Get a load of this - art that’s about something else besides art! A mammoth sculpture of two hands rising from the dark waters of the Grand Canal in front of Venice’s historic Ca’ Sagredo Hotel is the sort of artwork that can make a difference in the world at large. Called “Support,” the artist Lorenzo Quinn, worried about global warming, is calling attention to it. “Venice is a floating art city that has inspired cultures for centuries,” he said through the Halcyon Gallery that represents him. “But to continue to do so, it needs the support of our generation and future ones because it is threatened by climate change and time decay.”

All hands on deck

The hands Quinn crafted are those of a child’s jacked up to a giant’s size as if from the land of Lilliput, reaching up as if drowning.

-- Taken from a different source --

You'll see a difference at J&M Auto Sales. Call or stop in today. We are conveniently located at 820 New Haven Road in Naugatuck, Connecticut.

The subject of hands holds great significance to this artist. As he put it, they hold the power “to love, to hate, to create, to destroy.” His thinking is not unlike that of fellow Englishman and sculptor Henry Moore. When he was in his 80’s, he made a series of drawings of his own hands, saying how they can tell stories: “They can beg or refuse, take or give, be open or clenched, show content or anxiety.”

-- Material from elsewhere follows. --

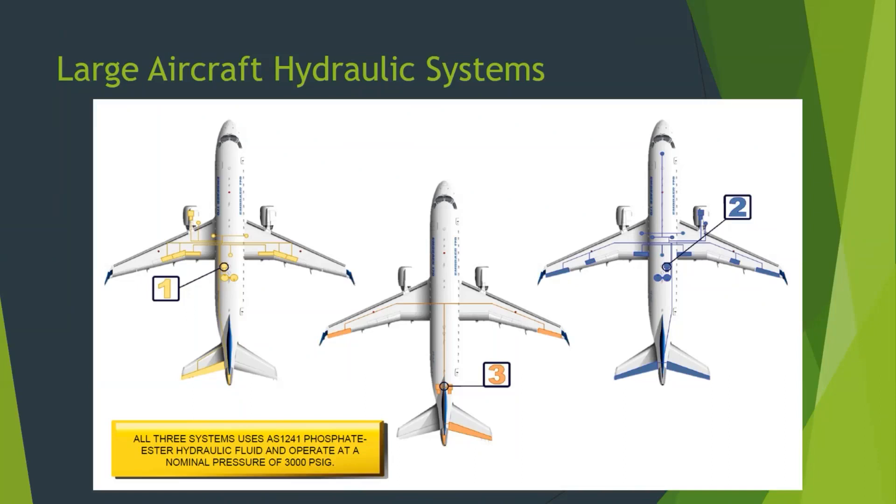Three phosphate ester systems are installed in this aircraft and the diagram shows where they route. You can see the left system, number one, has an engine-driven pump and an electric pump in the fuselage. System two on the right also has an engine-driven pump in the right engine plus an electric-driven pump. You can see where they go: system one goes to some spoilers, the left elevator, and the rudder. System two goes to both ailerons, some other spoilers, both elevators, and the rudder.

Turkey Lurkey, the sky is falling

Quinn is clearly feeling anxiety over all the record rainfall flooding low-lying Venice with up to five feet of water that causes power outages and mudslides to homes and businesses. The rise in sea levels has led to the slow sinking of the city. The innocent hands of a child, Quinn says, makes a powerful statement: “United we can make a stand to curb the climate change that affects us all.” In the end, though, you can ponder all the weather pattern reports there are, and all the geological evidence of climate change, but just one look at Quinn’s sculpture and you get the picture.

It’s not just that reality comes into view in an instant, but the exaggerated size has the effect of not leaving you alone even after you stop looking at it. It’s all in those beseeching hands.

Sign of the times

Some of art history’s best-known artists have used hands to tell a story. Perhaps the most famous are those in Michelangelo’s fresco “Creation of Adam” painted on the Sistine Chapel ceiling.

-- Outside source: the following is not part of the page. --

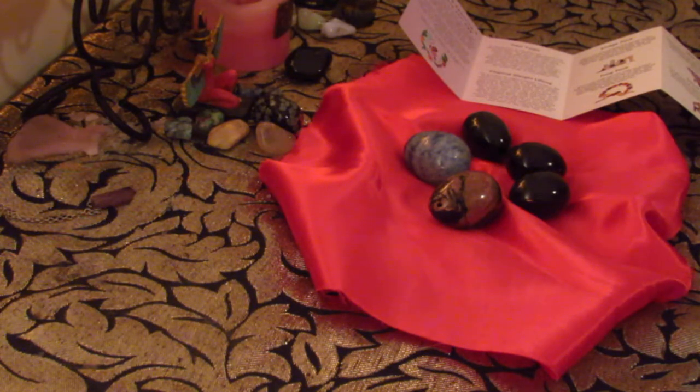I do have all of these yoni eggs listed on my website and many more — these are just a few. I have the Blue Quartz, the rhodonite, and the nephrite jade yoni egg, which is supposed to be one of the most popular yoni eggs. The reason why it is, is because it's gentle — it's a gentle healing stone, and it's really good for beginner users, people that are just starting off with yoni eggs.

The iconic image describes the beginning of us all with the first human’s outstretched hand receiving the spark of life from the hand of God. An example of hands in art closest to Quinn’s pair is Salvador Dali’s “Portrait of a Passionate Woman.” Just substitute a female’s hands for the child’s similarly disembodied and beseeching, except they reach up from a barren desert. And while Dali’s work was painted in 1945, it speaks of the same desperate need for rescue. You might call these images a sign of modern times.